WORK ITEM —
Could you retype the entries below exactly, omitting every picture?

━━━━━ STORED DATA

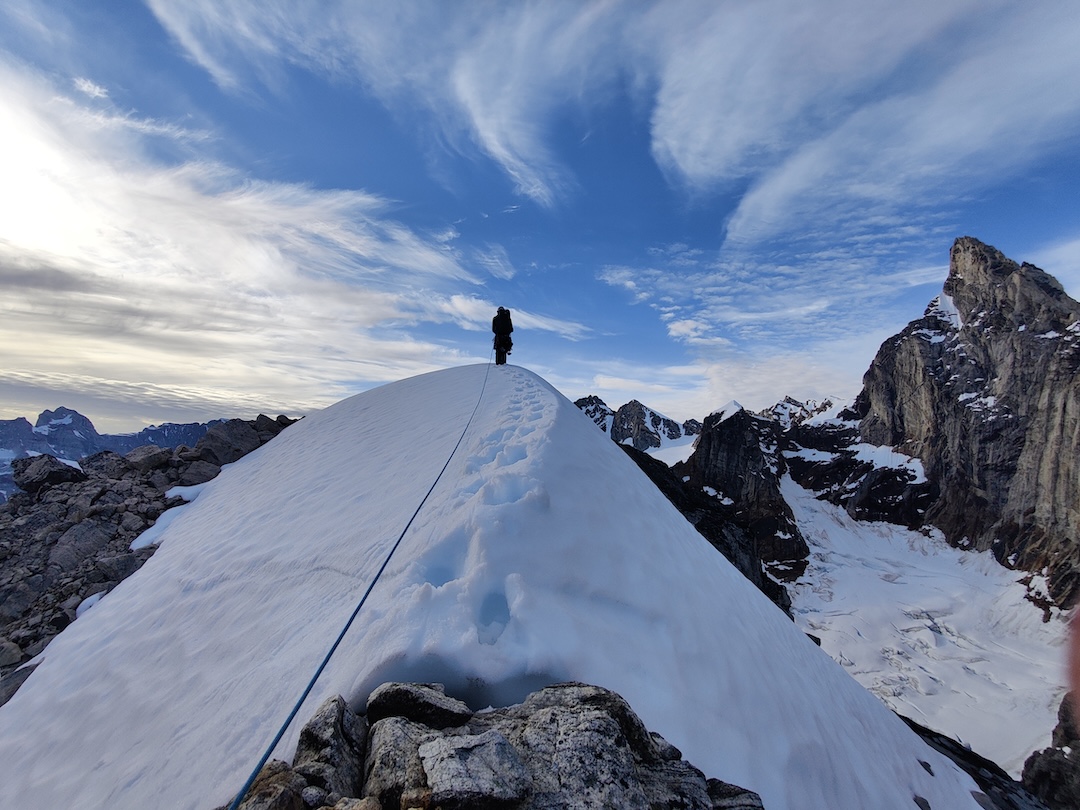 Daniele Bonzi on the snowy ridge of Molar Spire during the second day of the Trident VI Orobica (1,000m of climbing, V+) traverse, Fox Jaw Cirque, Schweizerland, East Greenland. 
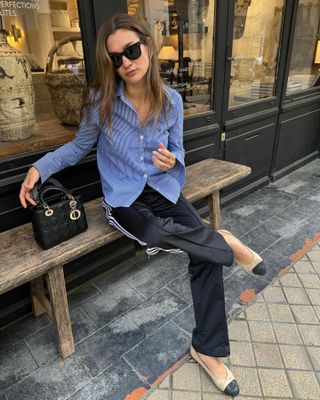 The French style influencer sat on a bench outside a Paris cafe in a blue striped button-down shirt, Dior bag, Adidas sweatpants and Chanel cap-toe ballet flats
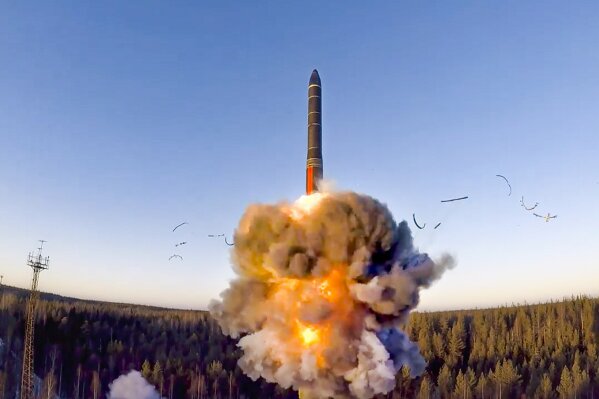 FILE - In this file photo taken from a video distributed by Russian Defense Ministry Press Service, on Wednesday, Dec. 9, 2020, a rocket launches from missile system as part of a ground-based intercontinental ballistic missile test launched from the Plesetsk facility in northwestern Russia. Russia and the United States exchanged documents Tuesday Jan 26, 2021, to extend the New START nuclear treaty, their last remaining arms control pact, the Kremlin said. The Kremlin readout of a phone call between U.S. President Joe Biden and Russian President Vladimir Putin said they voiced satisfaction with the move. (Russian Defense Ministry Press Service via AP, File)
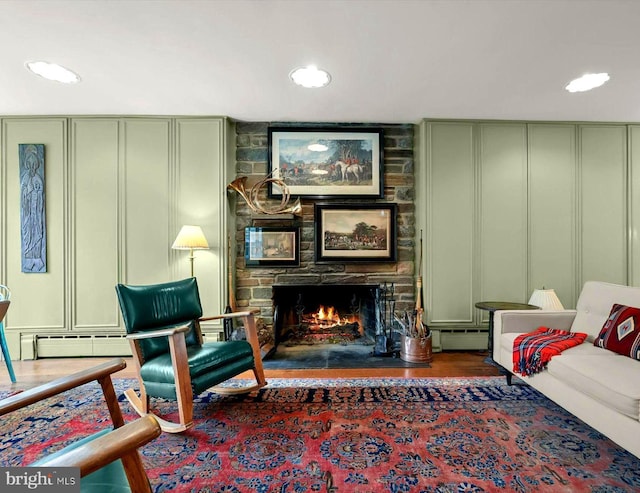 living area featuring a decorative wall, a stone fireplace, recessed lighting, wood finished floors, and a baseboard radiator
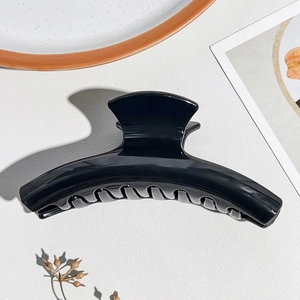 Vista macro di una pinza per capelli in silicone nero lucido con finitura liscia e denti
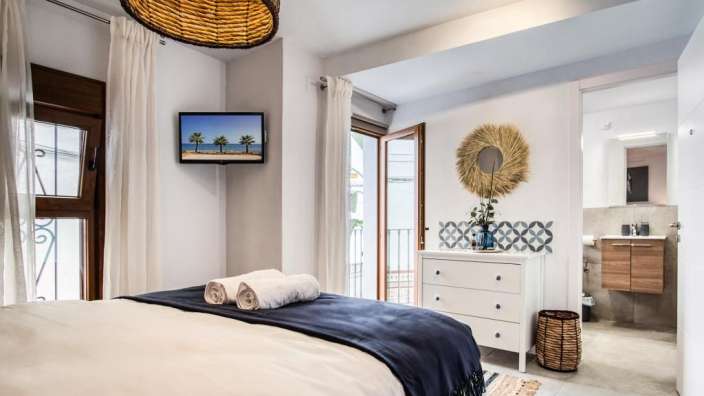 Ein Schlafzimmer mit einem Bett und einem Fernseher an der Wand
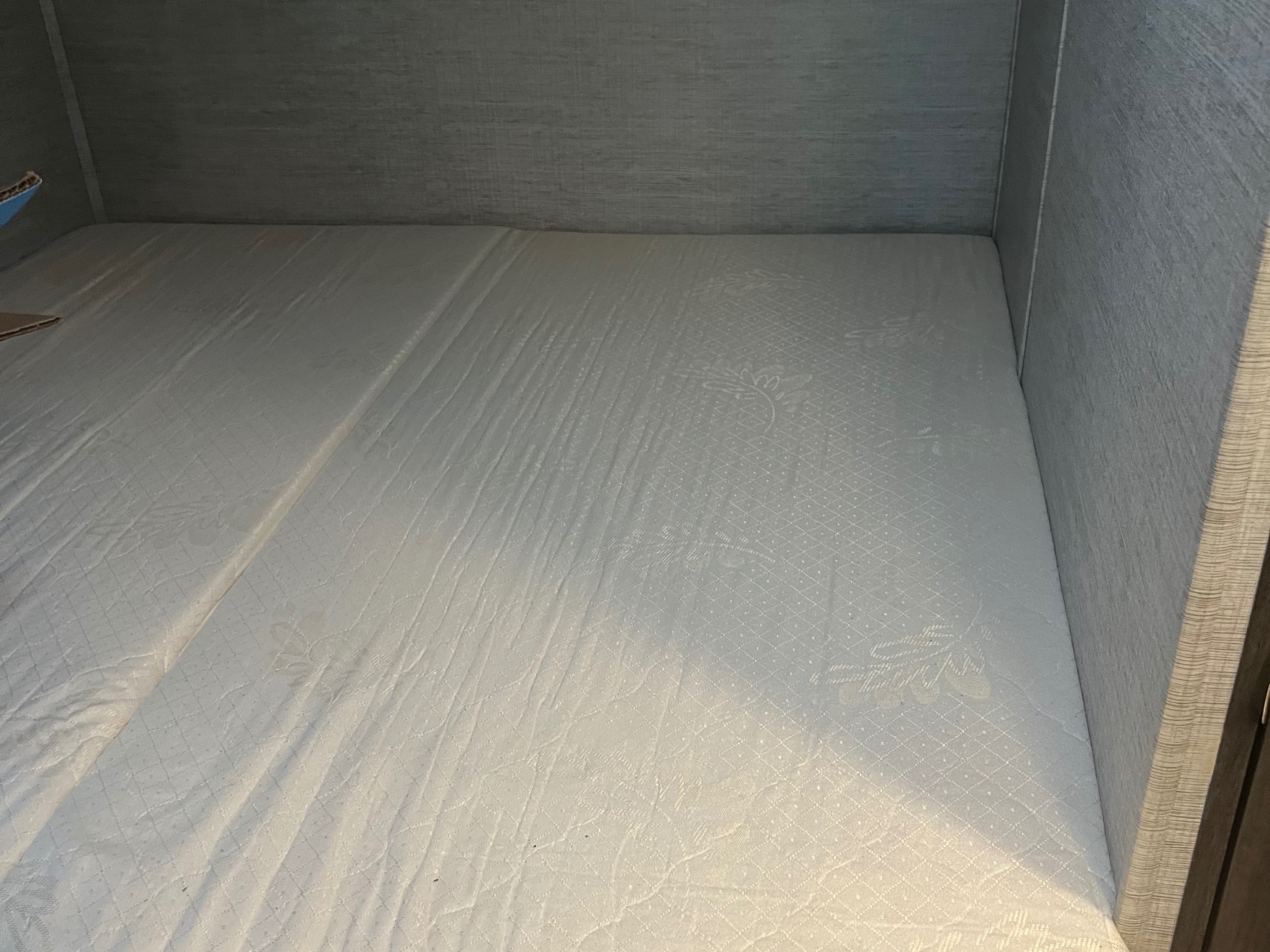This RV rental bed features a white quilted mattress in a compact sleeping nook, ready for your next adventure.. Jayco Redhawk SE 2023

━━━━━━━━━━

RESULT OF THIS TASK —
 Daniele Bonzi on the snowy ridge of Molar Spire during the second day of the Trident VI Orobica (1,000m of climbing, V+) traverse, Fox Jaw Cirque, Schweizerland, East Greenland. 
 The French style influencer sat on a bench outside a Paris cafe in a blue striped button-down shirt, Dior bag, Adidas sweatpants and Chanel cap-toe ballet flats
 FILE - In this file photo taken from a video distributed by Russian Defense Ministry Press Service, on Wednesday, Dec. 9, 2020, a rocket launches from missile system as part of a ground-based intercontinental ballistic missile test launched from the Plesetsk facility in northwestern Russia. Russia and the United States exchanged documents Tuesday Jan 26, 2021, to extend the New START nuclear treaty, their last remaining arms control pact, the Kremlin said. The Kremlin readout of a phone call between U.S. President Joe Biden and Russian President Vladimir Putin said they voiced satisfaction with the move. (Russian Defense Ministry Press Service via AP, File)
 living area featuring a decorative wall, a stone fireplace, recessed lighting, wood finished floors, and a baseboard radiator
 Vista macro di una pinza per capelli in silicone nero lucido con finitura liscia e denti
 Ein Schlafzimmer mit einem Bett und einem Fernseher an der Wand
This RV rental bed features a white quilted mattress in a compact sleeping nook, ready for your next adventure.. Jayco Redhawk SE 2023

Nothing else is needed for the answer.